O Banco Central (BACEN) lançou uma circular que está sendo um dos destaques entre os marketplaces no Brasil no segundo semestre de 2017. O tema é a centralização das liquidações financeiras pelo próprio BACEN. O intuito inicial não era englobar os marketplaces, mas sim bancos e instituições financeiras, nos quais o Risco Sistêmico é considerado maior. Porém, a autarquia federal entendeu que os marketplaces poderiam enquadrar-se numa situação similar, o que gerou uma nova regulamentação e mais pré-requisitos para o modelo de negócio de comércio eletrônico no país.

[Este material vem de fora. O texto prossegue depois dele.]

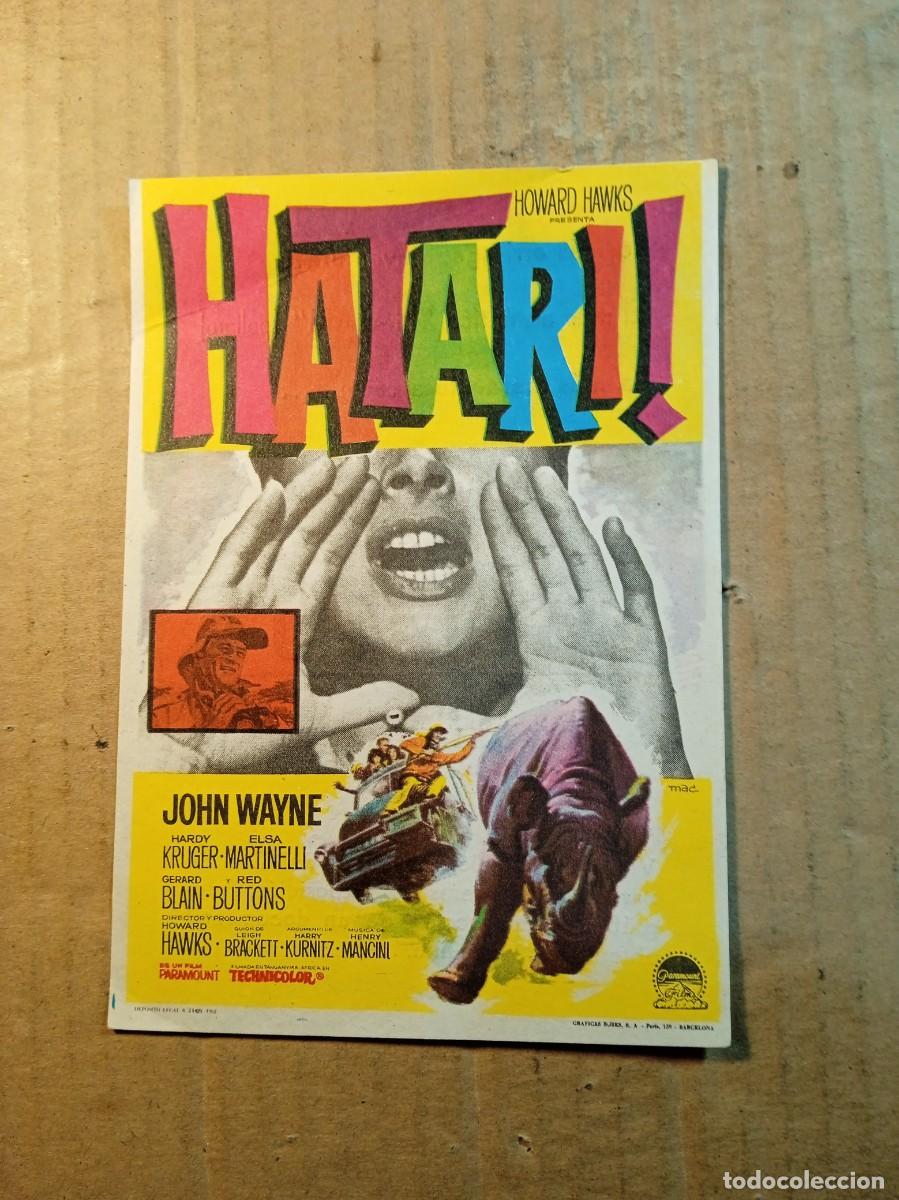 Cine: FOLLETO DE MANO CON PUBLICIDAD HATARI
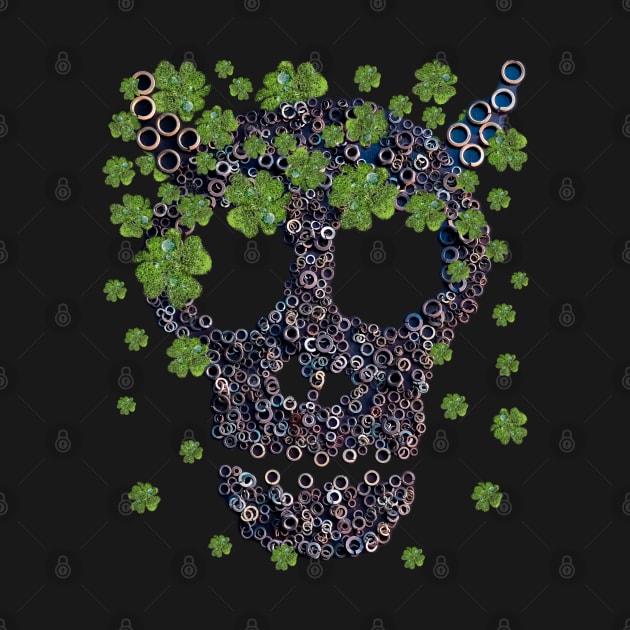 Creepy Mechanical Skull Green Clovers Retro St Patricks Day by Ai Wanderer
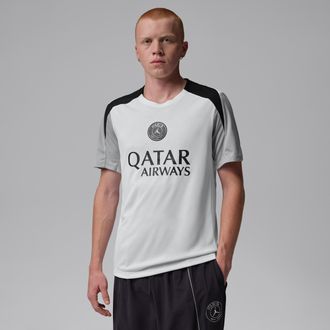 Nike Mens Paris Saint-Germain Strike Night Edition Jordan Dri-FIT Soccer Short-Sleeve Knit Top in White | IO4836-101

Neste caso, cabe a avaliação de que grandes nomes, como B2W, Via Varejo, Mercado Livre, possuem uma receita de bilhões e o marketplace é apenas uma fatia do business de cada um. O Risco Sistêmico é praticamente inexistente. Caso um negócio desse porte feche as portas, ainda assim existe a capacidade financeira para arcar com os compromissos adquiridos.

Por um lado, há o entendimento da preocupação com a segurança de modo amplo. Por outro, a preocupação com potenciais entraves para os marketplaces no Brasil, que diminuem a competitividade em relação ao mercado internacional. Para tornar mais compreensíveis ambas as perspectivas, entraremos mais profundamente no Risco Sistêmico e no que diz a circular 3.815 do BACEN.

#Entenda a circular 3.815 do BACEN

O Risco Sistêmico pode ocorrer por uma série de circunstâncias: falência ou desligamento da empresa e a quebra, consequentemente, de outros fornecedores. É uma situação que pode acontecer em diferentes modelos de negócio, por isso há uma discussão em torno da segurança e que envolve os marketplaces, com medidas que têm data para acontecer: 4 de setembro de 2017. Quem não cumprir as regras estará impedido de realizar transações por meio de cartões de crédito.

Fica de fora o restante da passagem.